**Exercise**.
In the listing below, print exactly the lines between the line holding "Robe noire à" and the line holding "شوێن / سلێمانی 🏠", inclusive, and no more.

**Extracted records**.
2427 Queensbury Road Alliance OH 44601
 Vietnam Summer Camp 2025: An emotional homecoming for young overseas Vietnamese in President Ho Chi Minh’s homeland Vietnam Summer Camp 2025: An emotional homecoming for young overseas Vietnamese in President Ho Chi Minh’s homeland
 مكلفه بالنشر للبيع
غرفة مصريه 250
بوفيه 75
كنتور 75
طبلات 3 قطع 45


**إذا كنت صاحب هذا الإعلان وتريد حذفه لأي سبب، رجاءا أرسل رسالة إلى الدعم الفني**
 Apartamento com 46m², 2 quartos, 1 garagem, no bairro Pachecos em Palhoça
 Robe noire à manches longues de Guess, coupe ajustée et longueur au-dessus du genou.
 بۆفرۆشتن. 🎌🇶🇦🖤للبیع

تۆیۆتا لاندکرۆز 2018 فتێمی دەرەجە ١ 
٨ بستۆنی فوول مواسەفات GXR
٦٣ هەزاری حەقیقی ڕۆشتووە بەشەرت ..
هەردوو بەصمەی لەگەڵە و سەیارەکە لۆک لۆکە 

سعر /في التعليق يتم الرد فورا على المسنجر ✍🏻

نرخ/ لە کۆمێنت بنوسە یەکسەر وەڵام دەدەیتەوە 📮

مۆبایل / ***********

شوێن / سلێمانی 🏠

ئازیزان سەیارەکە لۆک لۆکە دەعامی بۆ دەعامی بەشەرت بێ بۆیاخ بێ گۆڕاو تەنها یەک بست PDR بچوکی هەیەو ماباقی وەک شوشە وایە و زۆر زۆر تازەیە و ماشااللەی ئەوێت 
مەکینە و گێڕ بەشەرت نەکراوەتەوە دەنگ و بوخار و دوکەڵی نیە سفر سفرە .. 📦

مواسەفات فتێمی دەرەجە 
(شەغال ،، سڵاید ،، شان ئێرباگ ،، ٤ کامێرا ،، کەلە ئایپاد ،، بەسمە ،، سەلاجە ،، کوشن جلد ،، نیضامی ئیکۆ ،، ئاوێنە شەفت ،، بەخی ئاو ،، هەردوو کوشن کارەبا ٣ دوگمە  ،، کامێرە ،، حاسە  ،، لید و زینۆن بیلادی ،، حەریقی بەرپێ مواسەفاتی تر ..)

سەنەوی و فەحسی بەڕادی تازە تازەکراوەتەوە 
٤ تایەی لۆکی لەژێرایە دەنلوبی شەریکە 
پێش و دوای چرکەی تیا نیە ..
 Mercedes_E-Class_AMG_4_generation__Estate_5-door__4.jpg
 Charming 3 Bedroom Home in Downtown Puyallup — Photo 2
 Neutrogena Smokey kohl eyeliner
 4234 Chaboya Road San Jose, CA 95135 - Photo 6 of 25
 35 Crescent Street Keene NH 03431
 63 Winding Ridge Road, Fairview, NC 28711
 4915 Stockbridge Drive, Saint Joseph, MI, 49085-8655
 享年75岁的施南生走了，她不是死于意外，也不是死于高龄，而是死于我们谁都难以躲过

**Exercise response**.
 Robe noire à manches longues de Guess, coupe ajustée et longueur au-dessus du genou.
 بۆفرۆشتن. 🎌🇶🇦🖤للبیع

تۆیۆتا لاندکرۆز 2018 فتێمی دەرەجە ١ 
٨ بستۆنی فوول مواسەفات GXR
٦٣ هەزاری حەقیقی ڕۆشتووە بەشەرت ..
هەردوو بەصمەی لەگەڵە و سەیارەکە لۆک لۆکە 

سعر /في التعليق يتم الرد فورا على المسنجر ✍🏻

نرخ/ لە کۆمێنت بنوسە یەکسەر وەڵام دەدەیتەوە 📮

مۆبایل / ***********

شوێن / سلێمانی 🏠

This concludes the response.